By admin , 29 April 2026

Why binaries are hard

Git's storage model is designed for text. Each commit stores complete object snapshots (deduplicated by content hash). Text files compress and delta well; binaries usually do not. Edit a 50 MB image once and you have added 50 MB to the repo. Edit it ten times and history is nearly half a gigabyte.

Diff and merge

Git cannot diff binaries by default. Marking a file as binary in .gitattributes makes that explicit:

# .gitattributes
*.pdf binary
*.png binary
*.zip binary

Tools like git diff will simply report "Binary files differ".

Custom diff drivers

For some binaries, custom diff drivers can produce useful output:

# .gitattributes
*.docx diff=docx
*.pdf diff=pdf

# ~/.gitconfig
[diff "docx"]
    textconv = pandoc --to=plain
[diff "pdf"]
    textconv = pdftotext -layout

Now git diff on a Word document shows actual prose changes.

Merge drivers

Some binary formats - SQLite, JSON-with-sorted-keys, sometimes EPUB - can be merged with custom drivers.

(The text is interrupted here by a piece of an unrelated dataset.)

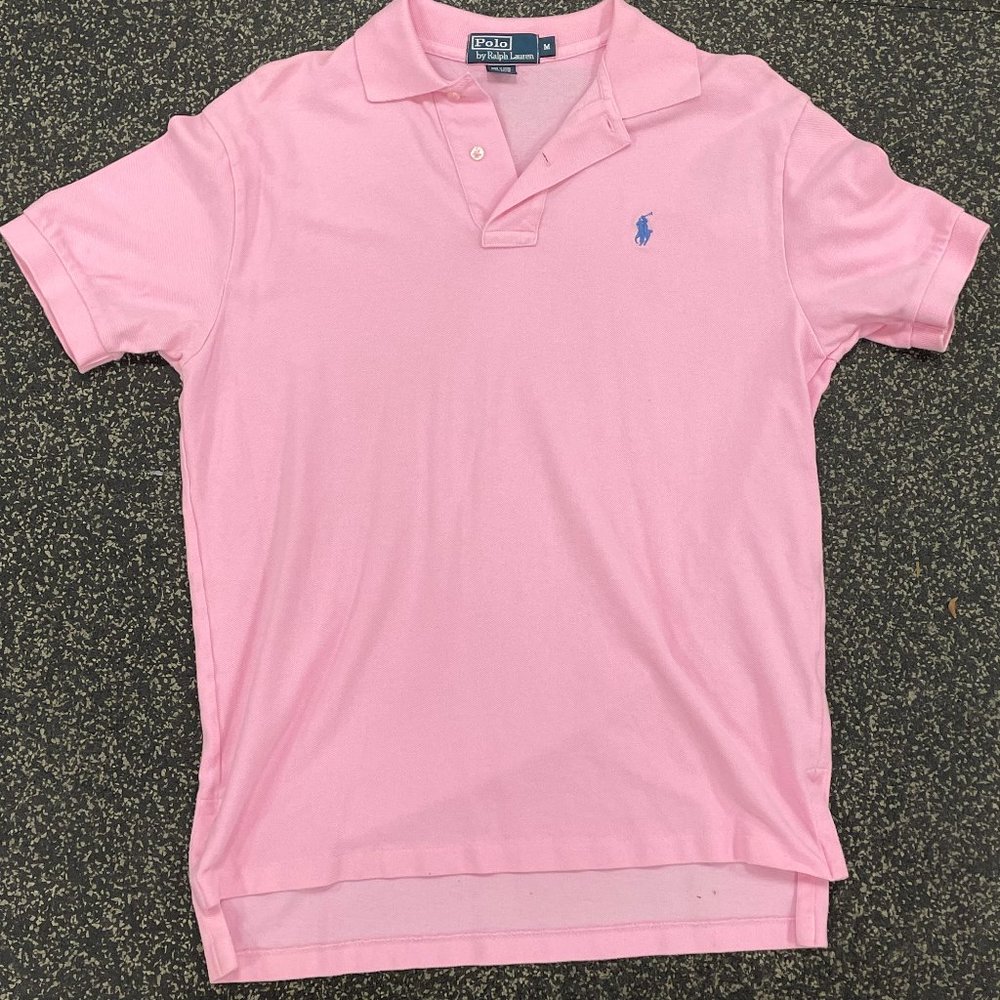 Men's Classic-Fit Mesh Polo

For most images, audio, and video, "merge" is meaningless; mark them as merge=ours or merge=binary to suppress nonsense conflict markers.

Reducing repo bloat

If binaries must be versioned:

  • Use Git LFS to store them outside pack files.
  • Or generate them at build time and ignore the source.
  • Or store them in object storage with a manifest in Git.

Tracking compiled artefacts

The general rule: do not commit derived artefacts. JARs, dist bundles, compiled images from SVG sources - these belong in CI output, not Git. Add them to .gitignore.

# .gitignore
dist/
build/
*.jar
*.class

When binaries are essential

Some projects genuinely need binaries: design tools, audio, ML models, signed certificates, compiled vendor libraries. For these:

git lfs install
git lfs track "*.psd"
git lfs track "models/*.bin"
git add .gitattributes
git commit -m "Track design and model files via LFS"

Detecting binaries already in history

git rev-list --objects --all | \
  git cat-file --batch-check='%(objecttype) %(objectname) %(objectsize) %(rest)' | \
  awk '/^blob/ {print $3, $4}' | \
  sort -n | tail -20

This lists the 20 largest blobs ever committed. Often-edited binaries dominate.

Cleaning history

If you accidentally committed large binaries, git filter-repo removes them from history:

git filter-repo --invert-paths --path bigfile.psd

This rewrites every commit; force-push and coordinate with the team.

Locking binary files

Binaries cannot be merged, so concurrent edits are dangerous. LFS supports file locking:

git lfs lock design/logo.psd
# someone else cannot push changes to this path
git lfs unlock design/logo.psd

This is the closest Git comes to Perforce-style exclusive checkouts. For teams with heavy binary editing, locks prevent painful overwrite conflicts.